— Work required —
Which lines of the material hold the word "With"? Copy each one.

☆ ☆ ☆ ☆

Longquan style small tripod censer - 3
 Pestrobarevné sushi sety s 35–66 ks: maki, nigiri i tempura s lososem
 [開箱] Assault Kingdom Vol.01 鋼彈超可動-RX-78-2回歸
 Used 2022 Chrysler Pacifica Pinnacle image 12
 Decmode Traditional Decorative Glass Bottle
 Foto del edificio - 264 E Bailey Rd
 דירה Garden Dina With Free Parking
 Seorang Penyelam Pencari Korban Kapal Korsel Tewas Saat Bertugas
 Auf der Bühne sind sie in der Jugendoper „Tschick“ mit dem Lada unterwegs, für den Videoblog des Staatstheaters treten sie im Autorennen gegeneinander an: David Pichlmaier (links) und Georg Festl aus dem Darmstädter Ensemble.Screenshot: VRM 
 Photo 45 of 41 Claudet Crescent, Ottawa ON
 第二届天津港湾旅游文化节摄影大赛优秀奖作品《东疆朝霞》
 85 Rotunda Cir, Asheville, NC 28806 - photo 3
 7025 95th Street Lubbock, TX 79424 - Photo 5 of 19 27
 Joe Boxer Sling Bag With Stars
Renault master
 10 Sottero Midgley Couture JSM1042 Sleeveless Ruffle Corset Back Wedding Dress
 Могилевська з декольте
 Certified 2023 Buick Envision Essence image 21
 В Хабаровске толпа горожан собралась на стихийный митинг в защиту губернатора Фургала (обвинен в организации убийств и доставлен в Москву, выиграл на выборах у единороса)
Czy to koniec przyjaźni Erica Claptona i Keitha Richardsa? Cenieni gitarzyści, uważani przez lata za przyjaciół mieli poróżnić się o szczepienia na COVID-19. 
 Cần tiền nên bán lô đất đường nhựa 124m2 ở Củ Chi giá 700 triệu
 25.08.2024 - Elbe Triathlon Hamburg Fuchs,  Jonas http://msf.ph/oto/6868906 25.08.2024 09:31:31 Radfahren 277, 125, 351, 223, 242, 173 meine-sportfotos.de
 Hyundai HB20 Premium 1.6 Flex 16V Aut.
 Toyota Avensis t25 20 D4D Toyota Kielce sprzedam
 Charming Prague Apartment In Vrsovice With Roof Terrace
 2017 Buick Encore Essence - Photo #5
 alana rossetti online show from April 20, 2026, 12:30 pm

☆ ☆ ☆ ☆

— Task answer —
 דירה Garden Dina With Free Parking
 Joe Boxer Sling Bag With Stars
 Charming Prague Apartment In Vrsovice With Roof Terrace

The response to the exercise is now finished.